#### Information shown

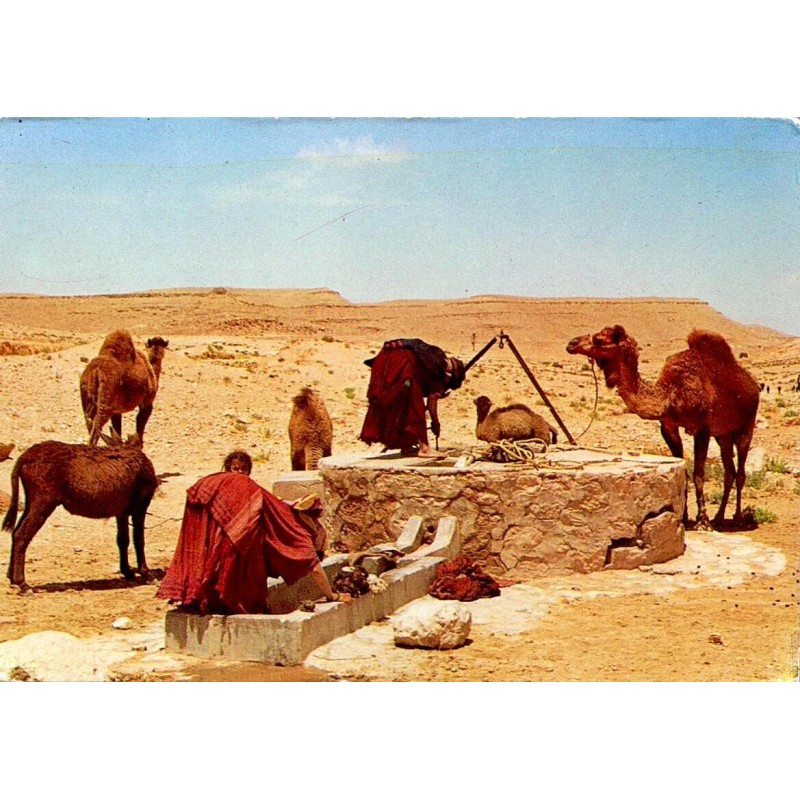 CPM Sud tunisien femmes au puits avec dromadaires dans un paysage désertique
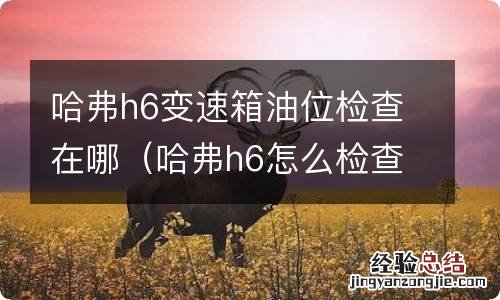 哈弗h6怎么检查变速箱液位 哈弗h6变速箱油位检查在哪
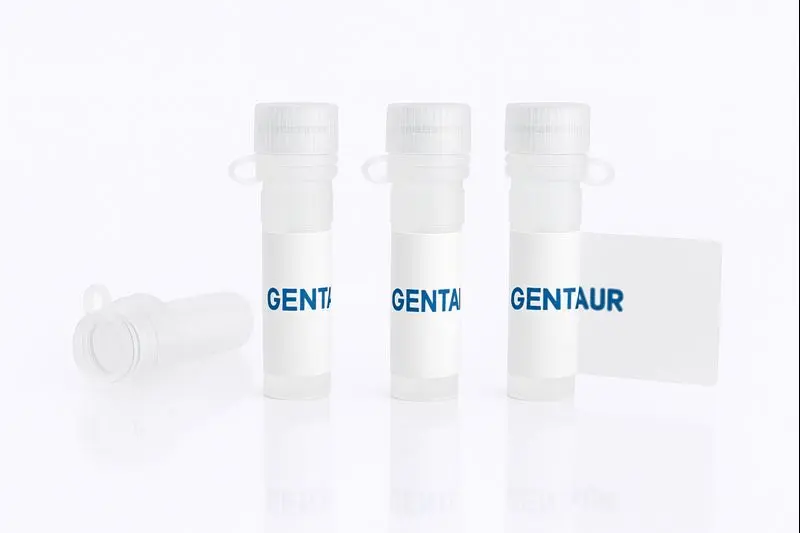 BCAT1, Human (His, Strep)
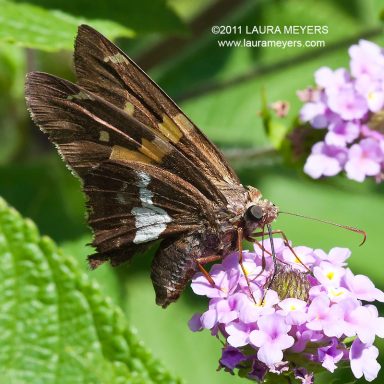 Silver-spotted Skipper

########

▶ **Your task**: The data must come back word for word, with every picture removed.

▶ **Output of the task**:
 CPM Sud tunisien femmes au puits avec dromadaires dans un paysage désertique
 哈弗h6怎么检查变速箱液位 哈弗h6变速箱油位检查在哪
 BCAT1, Human (His, Strep)
 Silver-spotted Skipper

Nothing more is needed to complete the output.